John just looked at him.
‘Look, John, I’m really sorry about this, but it’s part of the job. You know that. You can take the company car. I am going to have someone from Finance stop over in a bit with a credit card and the keys. Keep your receipts for the expense report.’
‘All right,’ John said. This would be a first for him, yet somehow he was not surprised.
‘I would love to come in and help you on Sunday maybe, but there’s this thing with my kids …. chaperone ….. you know the drill.’
I don’t see how I would, thought John. He was 29 and single, without prospects.


Great thing about these financial services firms – once they have determined to take over your weekend, they have the benevolence to allow you to go home just as soon as the logistics are put in place for your extra hours, and you can enjoy your Friday night with their patronizing assurance. Hence, John merely had to complete working on the ‘final’ draft of his proposal, talk to Finance about using a corporate card and filling out expense reports, consult Jerome in the physical plant about where to get the car, box up a copy of the draft and overnight it to the president, make arrangements with his boss to receive Ed’s revisions by phone on Sunday directly, and stop by the security checkpoint in the lobby to inform them of his expected arrival on Sunday morning. And by 7:00 p.m., 11½ hours after he had shown up, he was a free man.
True, by the time he made it home after his commute to Jersey, it would be past 9:00, but he could enjoy whatever was left of his evening.

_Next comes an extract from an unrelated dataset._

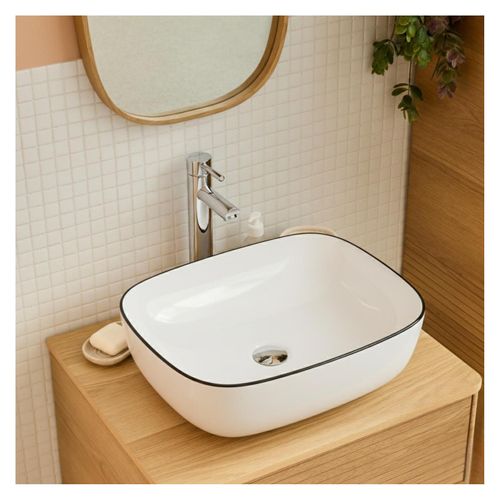 Vasque à Poser Diego Rectangulaire En Céramique Avec Liseré 48x37cm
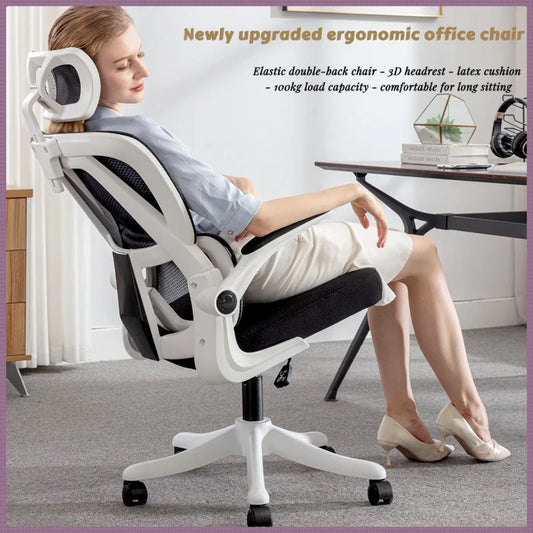 Ergonomic Home Office Chair with Back Support, Comfortable Desk Chair for Students, Rolling Study Chair with Armrests for Long Sitting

As he emerged onto the street in New York, coming out of the high rise in which he worked, John pushed these matters out of his mind. Dwelling on them would cost him his sanity. Instead, he was determined to take solace in his observations of the urban summer evening unfolding around him. He was fascinated by the arrangement of images that could be found only in this city and in this time and place. A couple materialized in front of him out of a curtain of steam that groaned forth from a sewer; underworld retchings that remained unnoticed by most passersby. The man and woman held hands while both blathering into cell phones secured by the other hand.
Sunlight refracted from the polished glass on the Met Life tower fell directly onto a bed of purple flowers encased in concrete in an island in the middle of Madison Avenue. Taxicabs screamed in acceleration on both sides of the island. A rectangular bronze plaque in the midst of the flowers made sure onlookers recognized that their presence, the flowers’, was due to the ongoing commitment of JPMorganChase to keep the city beautiful.

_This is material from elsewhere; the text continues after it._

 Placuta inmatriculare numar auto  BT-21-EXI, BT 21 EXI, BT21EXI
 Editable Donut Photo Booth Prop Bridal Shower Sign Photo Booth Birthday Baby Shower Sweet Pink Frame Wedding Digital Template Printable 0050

Over the noise of the cars and the voices John heard the bells of St. Patrick’s Cathedral tolling as they would have done when the cars were brougham carriages drawn by horses and the sound of hooves were the music of rush hour in another time. How wonderful that the bells still rang and that the church still stood. That every once in a while someone would enter into it for some private reason and put a quarter in a slot next to a red flame so that someone else would not be forgotten. While a few feet away next to the rich wood of a steadfast pew polished smooth by the repeated clutching of faithful hands, an old man on his final leg of the journey bent his afflicted knee and made the Sign of the Cross.
John’s mind, having drifted freely for a while as he walked to the PATH station, settled once again on what was for him a fundamental concern. The preservation of these images. The archiving of moments that, like the old man he’d imagined, would not last. Ever since he had left college life behind and had gone to work and to live on his own he had felt a desire to collect fragments of the world around him as he experienced it and to bundle them like wheat into some form of personal expression. It was only when he had begun working in New York that he had discovered a way he might do this, through his visits to book stores and coffee bars and readings at libraries.
This is how John Francis Grimm first began to compose his poems. He assembled them in his mind, if not yet on the page; for that was a leap he had not yet learned how to make.